▶ _Material for this task_:
+ + +

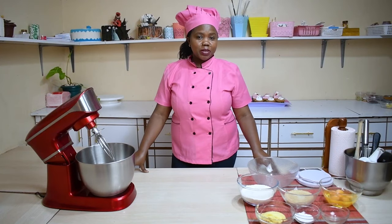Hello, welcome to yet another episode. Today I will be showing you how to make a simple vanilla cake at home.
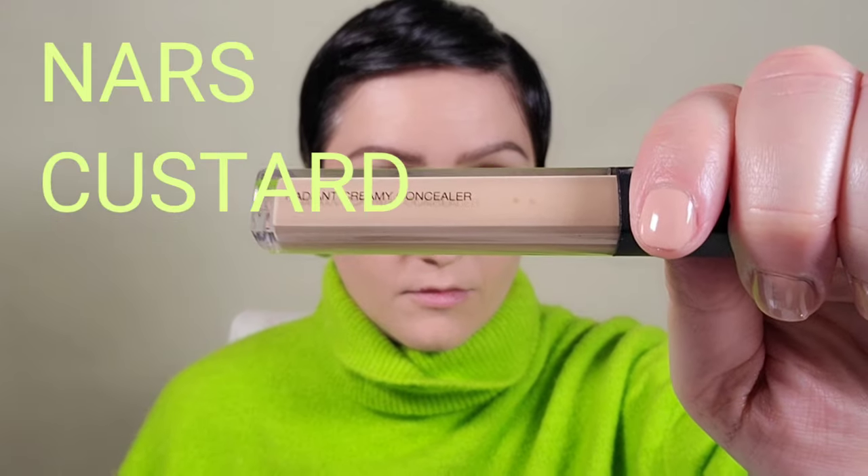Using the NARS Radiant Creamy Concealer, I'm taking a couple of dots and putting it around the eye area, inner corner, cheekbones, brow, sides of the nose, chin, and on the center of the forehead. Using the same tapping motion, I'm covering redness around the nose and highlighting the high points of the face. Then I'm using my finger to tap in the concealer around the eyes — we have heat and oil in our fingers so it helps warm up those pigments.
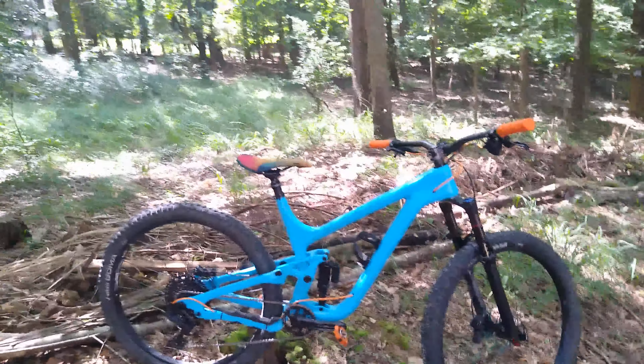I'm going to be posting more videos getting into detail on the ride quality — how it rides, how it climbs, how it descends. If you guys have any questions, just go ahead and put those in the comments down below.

+ + +

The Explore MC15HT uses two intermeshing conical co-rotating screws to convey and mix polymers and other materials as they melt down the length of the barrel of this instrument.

+ + +

▶ _Problem description_:
Write out, word for word, the stretch of entries that begins at the line with "Hello, welcome to" and ends at the line with "I'm going to". Pictures do not belong in it.

▶ _Result for this exercise_:
Hello, welcome to yet another episode. Today I will be showing you how to make a simple vanilla cake at home.
Using the NARS Radiant Creamy Concealer, I'm taking a couple of dots and putting it around the eye area, inner corner, cheekbones, brow, sides of the nose, chin, and on the center of the forehead. Using the same tapping motion, I'm covering redness around the nose and highlighting the high points of the face. Then I'm using my finger to tap in the concealer around the eyes — we have heat and oil in our fingers so it helps warm up those pigments.
I'm going to be posting more videos getting into detail on the ride quality — how it rides, how it climbs, how it descends. If you guys have any questions, just go ahead and put those in the comments down below.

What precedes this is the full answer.